Case Western Reserve University and University Hospitals Health System

 

In Vitro Evaluation of Imaging Potential of Mesenchymal Stem Cell Transplantation Following NIS Transfer

Mesenchymal Stem Cells (MSCs) found in human bone marrow are able to proliferate extensively in vitro without loss of differentiation potential. They represent a novel cellular therapy of inherited or degenerative diseases. We have demonstrated that culture-expanded autologous and allogeneic MSCs can be safely infused into humans and the preliminary results showed that MSCs facilitate hematopoietic engraftment and reduce graft versus host disease (GVHD). However, there is insufficient information about in vivo distribution and survival of intravenously infused MSCs and, their contribution to normal tissue function. In this in vitro study, we tested the feasibility of using Na+/I- symporter (NIS) gene, normally expressed in the thyroid gland as shown on the right, as a reporter gene for the eventual in vivo imaging of MSCs’ distribution and persistence, simply with radioiodide or equivalent (such as the pertechnetate) as tracer.
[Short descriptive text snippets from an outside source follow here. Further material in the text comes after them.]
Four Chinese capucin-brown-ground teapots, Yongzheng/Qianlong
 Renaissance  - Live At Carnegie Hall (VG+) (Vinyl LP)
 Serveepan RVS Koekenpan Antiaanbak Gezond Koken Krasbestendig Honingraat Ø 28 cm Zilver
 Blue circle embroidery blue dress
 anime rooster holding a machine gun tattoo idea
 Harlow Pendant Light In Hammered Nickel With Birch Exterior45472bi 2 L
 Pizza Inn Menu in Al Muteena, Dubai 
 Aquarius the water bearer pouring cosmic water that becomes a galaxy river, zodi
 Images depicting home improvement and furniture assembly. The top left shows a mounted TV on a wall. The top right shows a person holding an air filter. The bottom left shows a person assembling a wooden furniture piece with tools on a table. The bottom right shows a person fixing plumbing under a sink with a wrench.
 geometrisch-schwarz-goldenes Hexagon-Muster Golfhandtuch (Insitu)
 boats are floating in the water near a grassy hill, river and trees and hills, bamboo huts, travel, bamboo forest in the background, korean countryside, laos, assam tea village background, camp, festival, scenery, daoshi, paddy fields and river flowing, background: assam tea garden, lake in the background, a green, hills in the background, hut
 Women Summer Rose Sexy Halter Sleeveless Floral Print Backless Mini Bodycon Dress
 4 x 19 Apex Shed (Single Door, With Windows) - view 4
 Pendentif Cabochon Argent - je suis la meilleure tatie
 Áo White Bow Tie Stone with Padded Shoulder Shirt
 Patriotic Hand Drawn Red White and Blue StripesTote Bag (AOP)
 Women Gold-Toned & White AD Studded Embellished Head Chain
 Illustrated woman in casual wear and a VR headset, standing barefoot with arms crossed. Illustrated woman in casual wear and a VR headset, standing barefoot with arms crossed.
Human MSC (hMSC) cultures were established from bone marrow aspirate specimens, and were transduced with NIS gene using lentiviral vector wpts.hNIS as shown below.

The radioiodide uptake increased up to 30+ fold in NIS-hMSC comparing with wt hMSC, and the amount of uptake was proportional to the number of the cells as shown below.
Such uptake was inhibited completely by NaClO4, a known NIS specific inhibitor, as shown below. The in vitro half lives (retention) of radioiodide in NIS-hMCS was 7 min, also shown below.